What you should do: Your task is to repeat the entries below exactly and to leave their images out.
BEGIN Supplied data
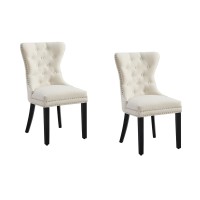 Lot de 2 chaises REGINA beige et marron foncé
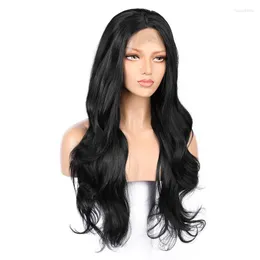 Synthetic Wigs Body Wave Middle Ratio 26Inch 180%Density Natural Black Lace Front Wig With Baby Hair Hairline Long Cosplay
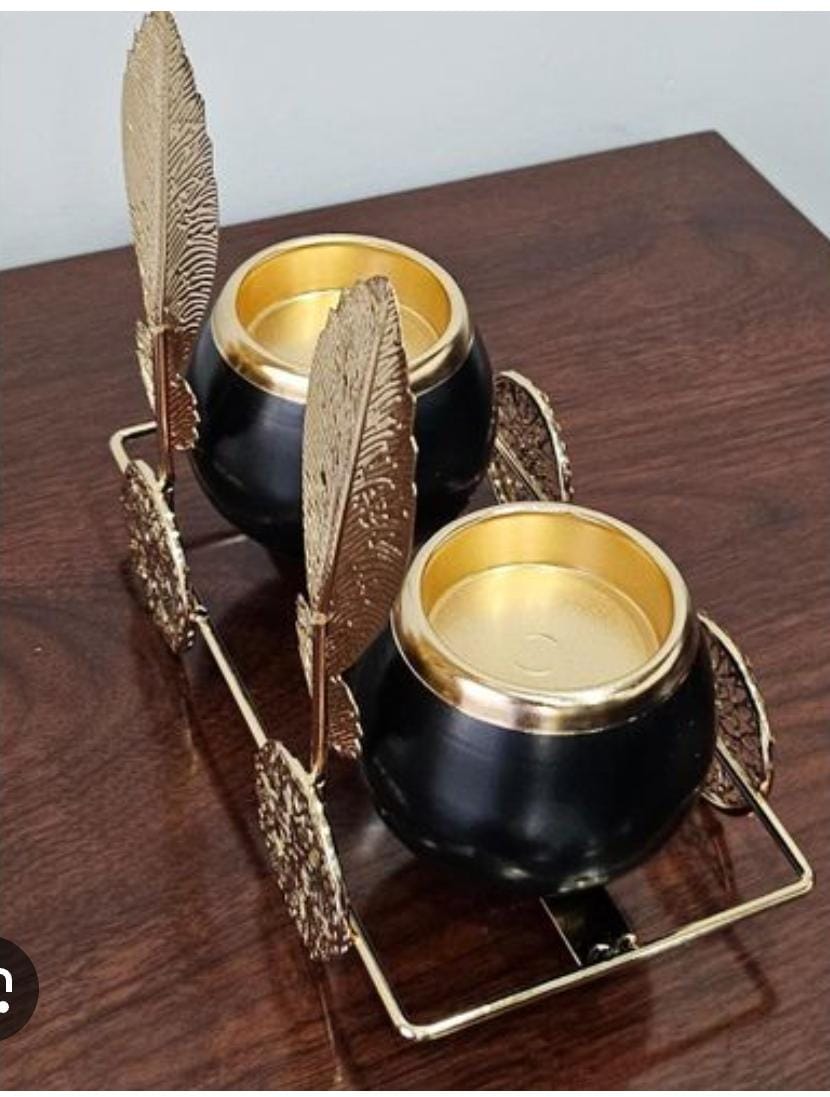 Ceramic 2in1 Candle Holder Gold Leaf Black White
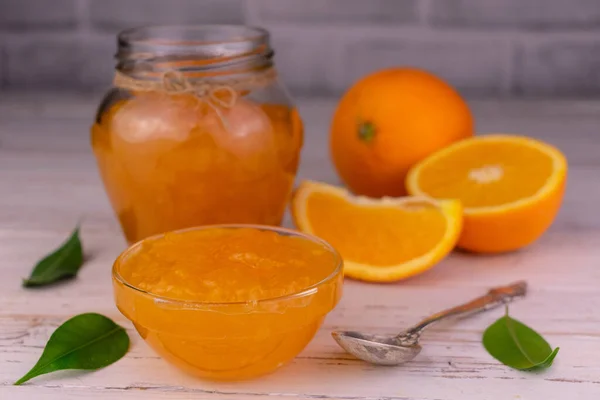 Orange Jam Glass Jar White Wooden Background — Stock Photo, Image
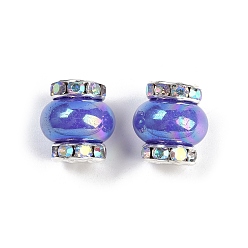 Темно-синий  Шифер Бусины из смолы с латунными стразами рондель, в форме фонаря, для браслетов, , декор ручки, без кадмия и без свинца, темный сланец синий, 14.5x13.5 мм, отверстие : 3.5 мм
END Supplied data
Written reply:
 Lot de 2 chaises REGINA beige et marron foncé
 Synthetic Wigs Body Wave Middle Ratio 26Inch 180%Density Natural Black Lace Front Wig With Baby Hair Hairline Long Cosplay
 Ceramic 2in1 Candle Holder Gold Leaf Black White
 Orange Jam Glass Jar White Wooden Background — Stock Photo, Image
 Темно-синий  Шифер Бусины из смолы с латунными стразами рондель, в форме фонаря, для браслетов, , декор ручки, без кадмия и без свинца, темный сланец синий, 14.5x13.5 мм, отверстие : 3.5 мм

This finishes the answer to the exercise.